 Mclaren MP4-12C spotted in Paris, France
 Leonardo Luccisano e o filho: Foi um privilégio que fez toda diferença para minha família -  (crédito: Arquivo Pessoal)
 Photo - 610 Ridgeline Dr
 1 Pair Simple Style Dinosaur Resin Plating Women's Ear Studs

...

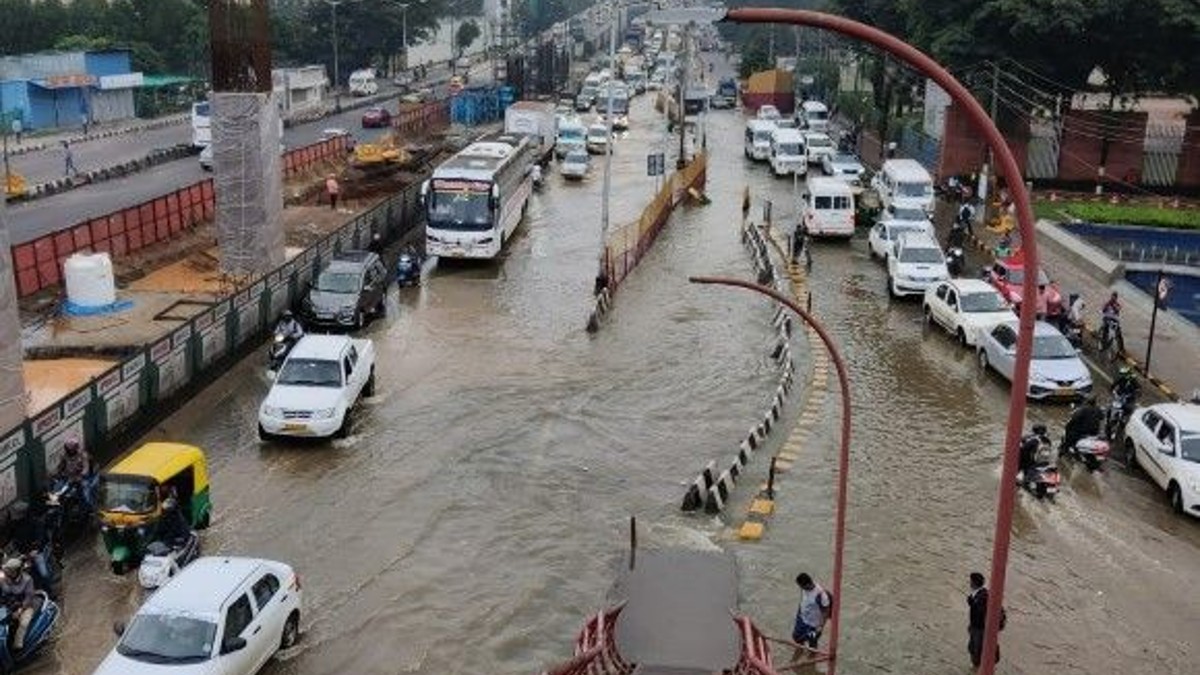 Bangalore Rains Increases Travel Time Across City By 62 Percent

## Work to complete
Only the lines above from the one with "Photo - 610 Ridgeline Dr" up to and including the one with "1 Pair Simple" should be repeated, exactly as written.

## Your response
 Photo - 610 Ridgeline Dr
 1 Pair Simple Style Dinosaur Resin Plating Women's Ear Studs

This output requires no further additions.